The two candidates running for that district are incumbent Jeff Weigand and Scott Michalak.
Unlike other challengers in the Dane County Board races, Michalak is no political newcomer. He had previously ran unsuccessful races for a seat in the state Assembly in both 2012 and 2016. Running as a Democrat, he lost both races to the Republican incumbent Joel Kleefisch, husband of current candidate for governor Rebecca Kleefisch. Currently, he works as an assembler at Generac Power Systems in Jefferson.
Michalak also sits on the Marshall village board, and helped to start the Marshall farmers market after the village’s only grocery store closed down.
Michalak says that he first got into politics after Act 10 was passed in 2011, and says he is running because he does not like how incumbent Weigand is representing his district.
“I think Jeff, with his Dane County mask mandate (issues), when he had no power, no authority to overturn the mask mandate. He got people very fired up and very angry over this very divisive issue. Plus, there’s his stance on resolution 353, which was to create a task force for missing and/or murdered African American women or girls, he was the only supervisor to vote against that. I think, because of these reasons, he needs to be replaced,” Michalak says.
Weigand did not respond to multiple requests for comment about his campaign.
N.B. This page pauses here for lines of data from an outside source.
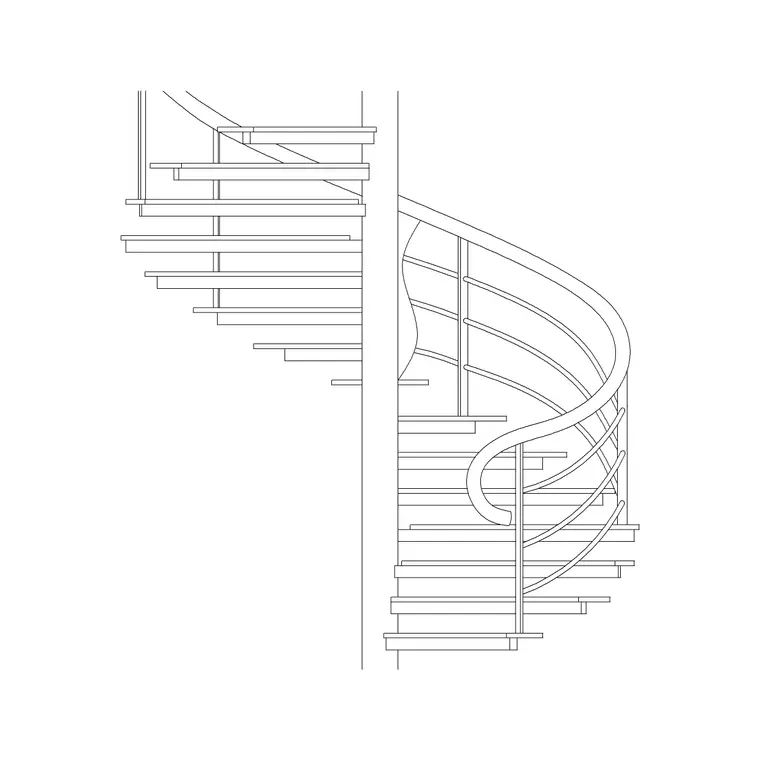 Spiral Window Ele 1 DWG CAD block thumbnail — stairs drawing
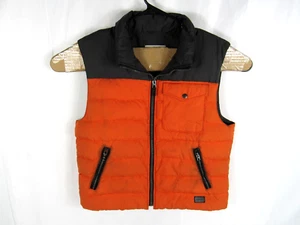 Coach Puffer Vest Mens XL Full Zip Black Orange Sleeveless Grey Duck Down Fill - Picture 1 of 9
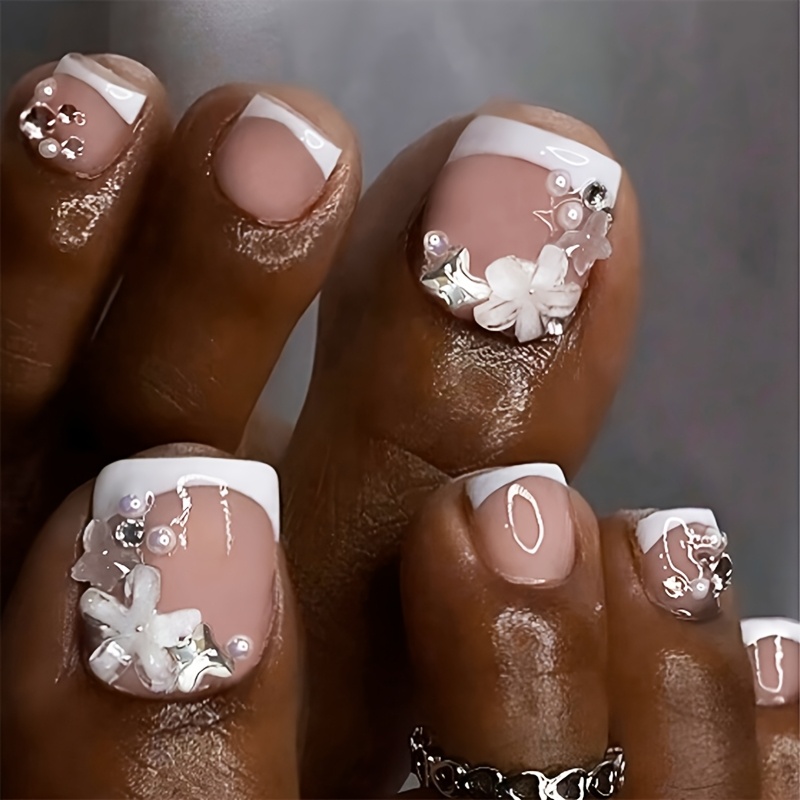 TEMU 24 uñas postizas de corta para mujer - Uñas postizas color nude con flores 3D, mariposas y decoraciones de pedrería, puntas de uñas acrílicas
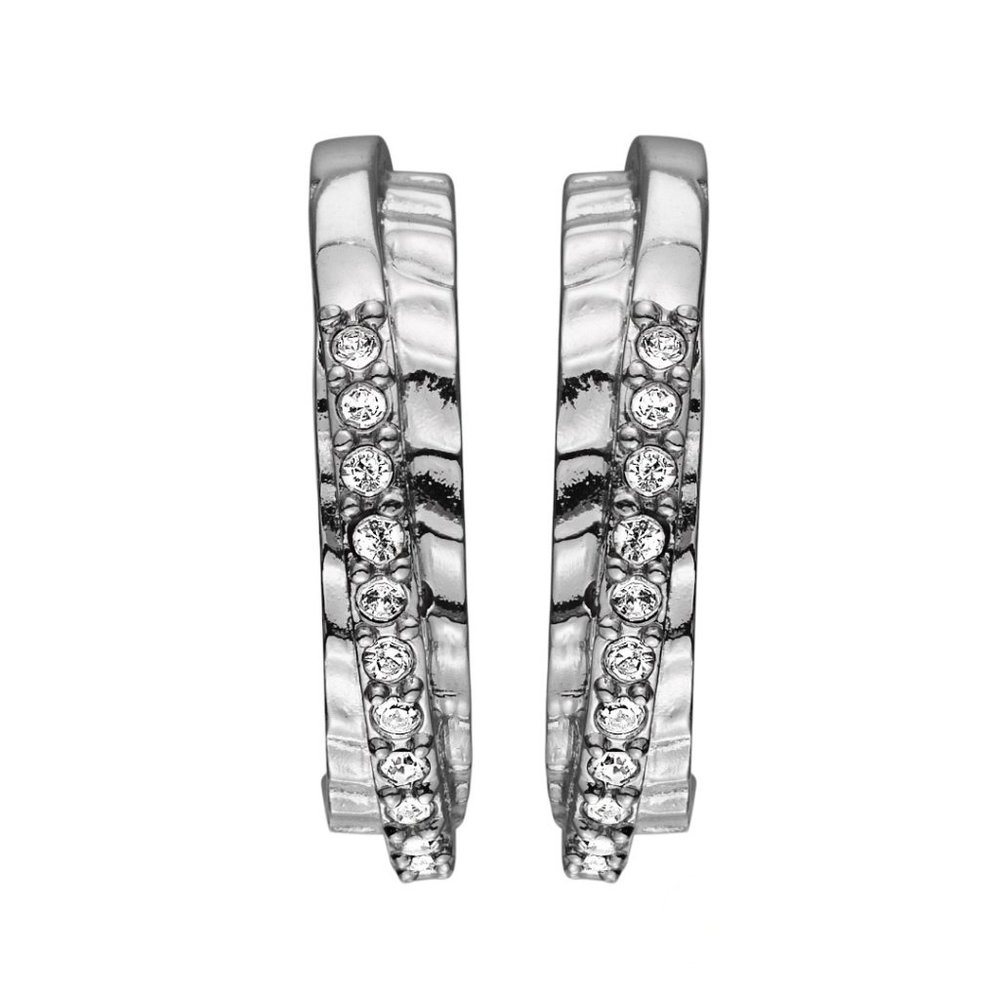 Dyrberg/Kern Lyra Swarovski crystal hammered open hoop earrings
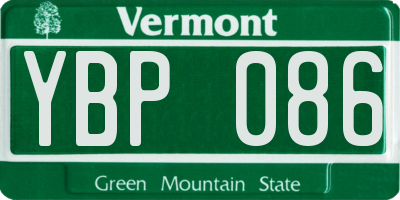 VT license plate YBP086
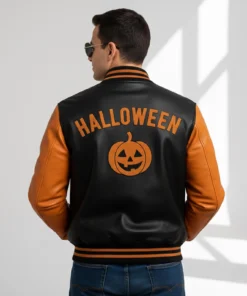 Halloween Pumpkin Varsity Bomber Leather Jacket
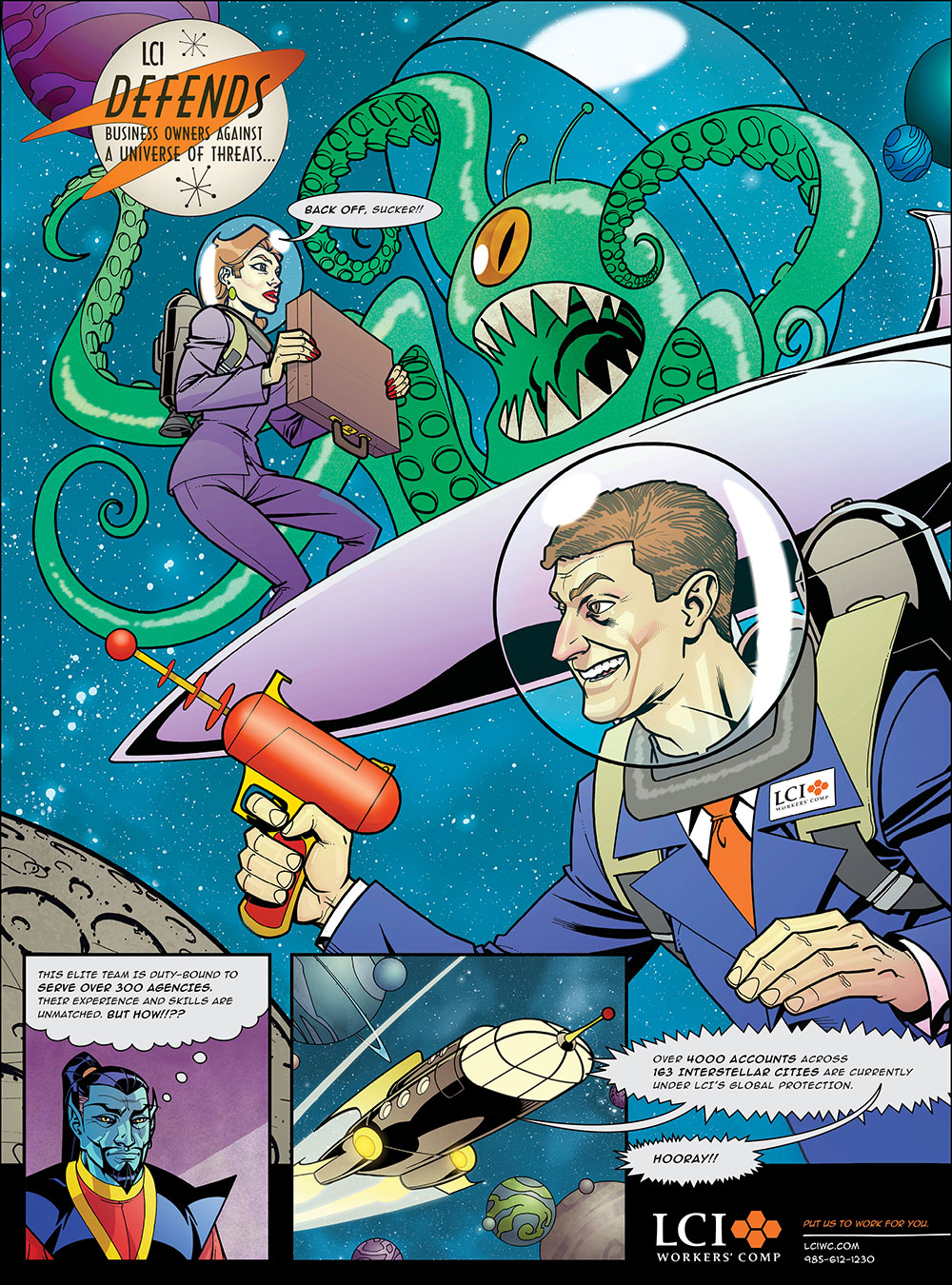 LCI Workers' Comp Agents Advertising Campaign 'Space Monster' Print Ad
Weigand was first elected to the seat in a special election last year in a write-in campaign, after the death of the sitting supervisor, Julie Schwellenbach. Having previously worked in the state Departments of Transportation and Administration, Weigand currently works as the vice president of WPS Health Solutions in Monona, according to the Wisconsin State Journal.
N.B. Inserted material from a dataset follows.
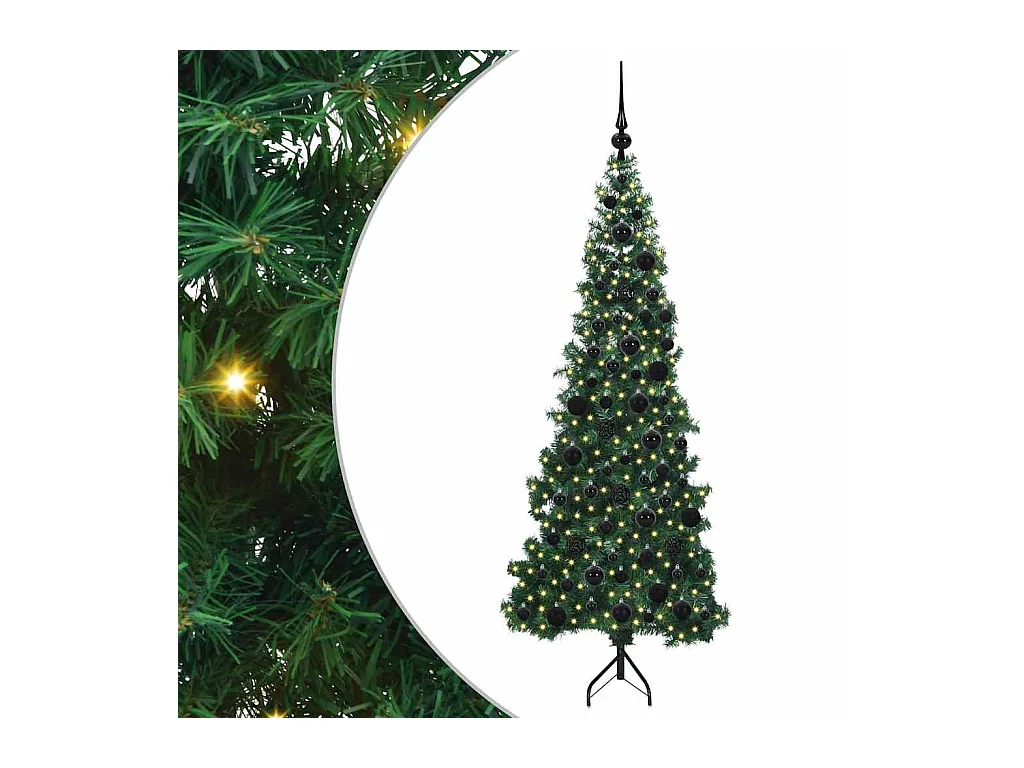 Arbre de Noël artificiel d'angle Vert 180 cm PVC et métal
Weigand has caused a stir since his election last year. Within the first month of serving on the board, he led a campaign to halt the indoor mask order in place in Dane County. He told WKOW at the time that he wanted the public to weigh in on the science behind wearing masks.
Eventually, a public hearing was held, though the board voted not to end the mask mandate in a 30-4 vote. The Wisconsin State Journal reported that Weigand was the lead author on that resolution.
Michalak says that one of his biggest priorities in the county is broadband access. He says that, as a rural district, businesses cannot afford to not have good internet access.
Michalak says that he would also like the board to do more to address kids living in the rural areas of Dane County.
“I would like to see for these young kids, especially in the African American and Hispanic American community, an expansion of bus service, maybe the Madison bus service can expand county wide. Some of the Building Trade Council’s apprenticeship programs, expand those to where kids in high school can receive college credit for being in an apprenticeship,” Michalak says
Weigand, on the other hand, has recently spent his time on election integrity. Earlier this month, Weigand proposed several amendments to a new election security review committee.
That committee was introduced to help stop the spread of misinformation around elections, specifically aiming to prevent another event like the January 6th insurrection.
The amendments proposed by Weigand largely drew from talking points from the investigation of the 2020 presidential election by Michael Gableman, including a review of votes cast in nursing homes and reviewing the use of absentee drop boxes. All six amendments Weigand introduced were shot down by the board.
Another issue that Weigand brought up at that meeting was the use of nonprofit money to help run elections.
“I hope that we can all understand and appreciate that our elections can and should be done by our government, and that they should not be run by people with deep pockets. And when you have groups, like the Center for Tech and Civil Life who have deep pockets, I hope that we can all agree that our elections, from a security perspective, and an accuracy perspective, and mitigating outside influence, they should be run by our governments. And our governments should be free from the influence of outside organizations, especially those organizations that have deep pockets that might have an interest in swaying an election one way or another,” Weigand says.
The use of grant money to help run the 2020 election has been repeatedly defended by federal judges.
Michalak says that, if elected, he would represent everyone in his district, no matter what political party they align with.
“I believe my current supervisor has been a rubber stamp for the Republican party. He has introduced legislation that is word-for-word verbatim with what the Wisconsin GOP has done, and what the Wisconsin State Legislature has done. That’s not the position that he’s in. He is a Dane County Board Supervisor, a nonpartisan position. I’ve introduced things like a new farmer’s market, bolstering new home growth, these are things that are nonpartisan issues that I think both Republicans, Democrats, etc. can all get behind,” Michalak says.
The 2022 spring election takes place on April 5th.